Hinsichtlich anderer, ohne jeden Bezug zum Arbeitsverhältnis und insbesondere ohne Kenntnis und Einverständnis des Arbeitgebers mitgebrachter (Wert-)Gegenstände (z. B. Schmuck und Fotoapparate) lassen sich Obhuts- und Verwahrungspflichten hingegen nicht begründen, schon um den Arbeitgeber nicht ebenso unerwarteten wie unkalkulierbaren Haftungsrisiken auszusetzen (sog. innerbetrieblicher Schadensausgleich).

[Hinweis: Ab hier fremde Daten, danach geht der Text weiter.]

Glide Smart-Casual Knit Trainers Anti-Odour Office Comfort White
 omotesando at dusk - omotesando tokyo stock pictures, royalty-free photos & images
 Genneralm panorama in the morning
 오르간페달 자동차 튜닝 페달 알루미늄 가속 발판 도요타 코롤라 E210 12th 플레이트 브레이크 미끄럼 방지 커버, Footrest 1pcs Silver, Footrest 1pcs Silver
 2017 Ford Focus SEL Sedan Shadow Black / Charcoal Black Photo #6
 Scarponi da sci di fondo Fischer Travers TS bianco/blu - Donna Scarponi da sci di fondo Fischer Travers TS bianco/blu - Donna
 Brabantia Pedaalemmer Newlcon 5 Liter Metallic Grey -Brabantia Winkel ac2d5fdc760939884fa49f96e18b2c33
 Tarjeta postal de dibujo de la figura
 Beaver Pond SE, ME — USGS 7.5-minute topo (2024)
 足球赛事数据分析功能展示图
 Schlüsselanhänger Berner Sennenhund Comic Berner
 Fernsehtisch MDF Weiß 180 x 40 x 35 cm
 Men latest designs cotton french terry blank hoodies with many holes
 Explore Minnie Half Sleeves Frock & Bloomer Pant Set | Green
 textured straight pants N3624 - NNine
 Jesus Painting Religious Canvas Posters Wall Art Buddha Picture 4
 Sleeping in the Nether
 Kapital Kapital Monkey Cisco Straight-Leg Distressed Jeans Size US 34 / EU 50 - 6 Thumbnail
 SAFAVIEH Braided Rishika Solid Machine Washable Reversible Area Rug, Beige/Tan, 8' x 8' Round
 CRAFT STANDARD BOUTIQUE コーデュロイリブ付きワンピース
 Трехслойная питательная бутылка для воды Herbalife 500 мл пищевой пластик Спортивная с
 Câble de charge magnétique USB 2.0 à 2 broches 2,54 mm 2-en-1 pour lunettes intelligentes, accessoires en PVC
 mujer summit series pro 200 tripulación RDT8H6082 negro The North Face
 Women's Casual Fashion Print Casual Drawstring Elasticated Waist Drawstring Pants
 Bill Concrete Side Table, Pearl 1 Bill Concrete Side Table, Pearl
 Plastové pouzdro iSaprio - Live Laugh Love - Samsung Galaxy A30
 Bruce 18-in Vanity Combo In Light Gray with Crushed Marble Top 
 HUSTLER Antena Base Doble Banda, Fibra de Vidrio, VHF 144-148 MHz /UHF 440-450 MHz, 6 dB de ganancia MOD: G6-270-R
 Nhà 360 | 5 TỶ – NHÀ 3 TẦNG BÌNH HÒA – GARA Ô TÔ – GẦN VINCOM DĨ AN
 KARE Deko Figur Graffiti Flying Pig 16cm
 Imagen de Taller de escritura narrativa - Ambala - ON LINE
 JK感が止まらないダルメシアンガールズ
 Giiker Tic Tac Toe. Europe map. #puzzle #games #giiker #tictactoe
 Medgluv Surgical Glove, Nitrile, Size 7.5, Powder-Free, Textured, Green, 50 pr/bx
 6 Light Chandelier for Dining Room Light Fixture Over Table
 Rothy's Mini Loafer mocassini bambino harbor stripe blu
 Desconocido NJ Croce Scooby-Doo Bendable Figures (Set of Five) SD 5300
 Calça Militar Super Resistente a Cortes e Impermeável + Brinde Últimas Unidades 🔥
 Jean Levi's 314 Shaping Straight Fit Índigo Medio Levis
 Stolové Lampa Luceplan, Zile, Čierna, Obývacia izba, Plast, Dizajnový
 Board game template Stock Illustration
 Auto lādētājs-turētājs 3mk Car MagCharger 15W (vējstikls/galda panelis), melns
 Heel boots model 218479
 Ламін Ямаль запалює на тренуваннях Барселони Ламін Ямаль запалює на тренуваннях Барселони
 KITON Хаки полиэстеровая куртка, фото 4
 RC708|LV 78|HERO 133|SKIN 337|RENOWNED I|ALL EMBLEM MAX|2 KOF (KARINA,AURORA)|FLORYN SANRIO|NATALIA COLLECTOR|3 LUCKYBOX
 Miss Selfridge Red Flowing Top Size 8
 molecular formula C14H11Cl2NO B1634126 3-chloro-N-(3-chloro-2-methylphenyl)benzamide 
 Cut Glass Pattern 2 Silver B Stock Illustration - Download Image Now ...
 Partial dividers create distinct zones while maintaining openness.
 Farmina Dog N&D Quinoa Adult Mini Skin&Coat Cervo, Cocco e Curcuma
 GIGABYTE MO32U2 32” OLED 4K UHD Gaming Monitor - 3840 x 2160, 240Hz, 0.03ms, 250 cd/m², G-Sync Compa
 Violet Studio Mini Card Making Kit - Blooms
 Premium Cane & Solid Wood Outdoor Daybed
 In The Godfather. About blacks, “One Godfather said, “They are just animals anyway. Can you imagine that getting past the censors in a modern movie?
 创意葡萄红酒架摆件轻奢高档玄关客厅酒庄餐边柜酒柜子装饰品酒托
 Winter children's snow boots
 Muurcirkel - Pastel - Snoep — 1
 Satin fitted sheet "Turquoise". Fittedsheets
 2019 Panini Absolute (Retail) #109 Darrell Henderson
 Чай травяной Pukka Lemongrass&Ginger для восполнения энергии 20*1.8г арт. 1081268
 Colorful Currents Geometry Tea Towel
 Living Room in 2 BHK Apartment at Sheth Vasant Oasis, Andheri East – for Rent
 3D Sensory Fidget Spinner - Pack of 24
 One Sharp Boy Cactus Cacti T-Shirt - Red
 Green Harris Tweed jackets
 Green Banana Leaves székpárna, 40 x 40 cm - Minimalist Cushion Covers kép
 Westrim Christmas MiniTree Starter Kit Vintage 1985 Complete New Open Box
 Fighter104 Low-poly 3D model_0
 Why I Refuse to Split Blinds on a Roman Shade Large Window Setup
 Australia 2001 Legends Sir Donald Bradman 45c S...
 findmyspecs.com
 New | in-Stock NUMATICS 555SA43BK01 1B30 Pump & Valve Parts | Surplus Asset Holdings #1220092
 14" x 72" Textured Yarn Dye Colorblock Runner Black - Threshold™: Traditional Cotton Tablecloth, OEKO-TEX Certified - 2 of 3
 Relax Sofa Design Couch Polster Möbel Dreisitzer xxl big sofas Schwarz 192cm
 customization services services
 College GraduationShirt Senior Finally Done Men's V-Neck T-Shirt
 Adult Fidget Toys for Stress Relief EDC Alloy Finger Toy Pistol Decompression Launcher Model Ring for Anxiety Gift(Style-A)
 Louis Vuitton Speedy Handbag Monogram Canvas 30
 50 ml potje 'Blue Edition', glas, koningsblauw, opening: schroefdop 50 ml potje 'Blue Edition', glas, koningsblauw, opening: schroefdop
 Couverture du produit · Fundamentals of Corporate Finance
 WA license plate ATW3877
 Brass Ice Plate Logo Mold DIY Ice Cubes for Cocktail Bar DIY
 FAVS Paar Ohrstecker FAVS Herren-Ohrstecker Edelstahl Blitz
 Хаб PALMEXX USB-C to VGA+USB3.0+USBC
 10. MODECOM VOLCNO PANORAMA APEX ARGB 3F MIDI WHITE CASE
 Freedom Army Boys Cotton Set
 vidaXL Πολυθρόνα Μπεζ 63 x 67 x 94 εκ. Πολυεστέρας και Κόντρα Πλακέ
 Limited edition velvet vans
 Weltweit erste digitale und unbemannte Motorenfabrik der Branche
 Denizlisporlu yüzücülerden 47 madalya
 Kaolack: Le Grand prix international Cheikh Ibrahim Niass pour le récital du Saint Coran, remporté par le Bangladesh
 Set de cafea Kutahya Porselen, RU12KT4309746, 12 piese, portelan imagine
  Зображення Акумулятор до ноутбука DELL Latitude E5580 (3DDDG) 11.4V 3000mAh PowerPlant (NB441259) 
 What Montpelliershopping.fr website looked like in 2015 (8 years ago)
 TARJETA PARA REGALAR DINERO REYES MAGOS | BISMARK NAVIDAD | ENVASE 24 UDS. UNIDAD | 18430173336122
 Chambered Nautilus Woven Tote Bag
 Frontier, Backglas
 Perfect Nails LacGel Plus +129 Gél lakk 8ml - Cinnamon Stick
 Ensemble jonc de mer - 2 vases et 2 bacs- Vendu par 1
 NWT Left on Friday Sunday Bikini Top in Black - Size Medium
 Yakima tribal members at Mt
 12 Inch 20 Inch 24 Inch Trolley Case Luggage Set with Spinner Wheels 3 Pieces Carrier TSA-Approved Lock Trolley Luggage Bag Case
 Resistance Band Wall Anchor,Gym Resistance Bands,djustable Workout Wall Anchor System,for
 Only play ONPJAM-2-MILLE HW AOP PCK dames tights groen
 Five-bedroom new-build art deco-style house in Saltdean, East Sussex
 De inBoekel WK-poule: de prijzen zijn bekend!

Erfüllt der Arbeitgeber seine Obhuts- und Verwahrungspflichten nicht oder nicht ordnungsgemäß, so kann dem Arbeitnehmer ein Schadensersatzanspruch zustehen. Voraussetzung der Ersatzfähigkeit des Eigenschadens des Arbeitnehmers ist aber, dass dieser nicht dem Lebensbereich des Arbeitnehmers, sondern dem Betätigungsbereich des Arbeitgebers zuzurechnen ist und der Arbeitnehmer ihn nicht selbst tragen muss, etwa weil er dafür eine besondere Vergütung erhält (BAG vom 28. Oktober 2010, Az. 8 AZR 647/09). Der vom Arbeitnehmer erlittene Eigenschaden muss sich somit als Verwirklichung eines tätigkeitsspezifischen Risikos darstellen.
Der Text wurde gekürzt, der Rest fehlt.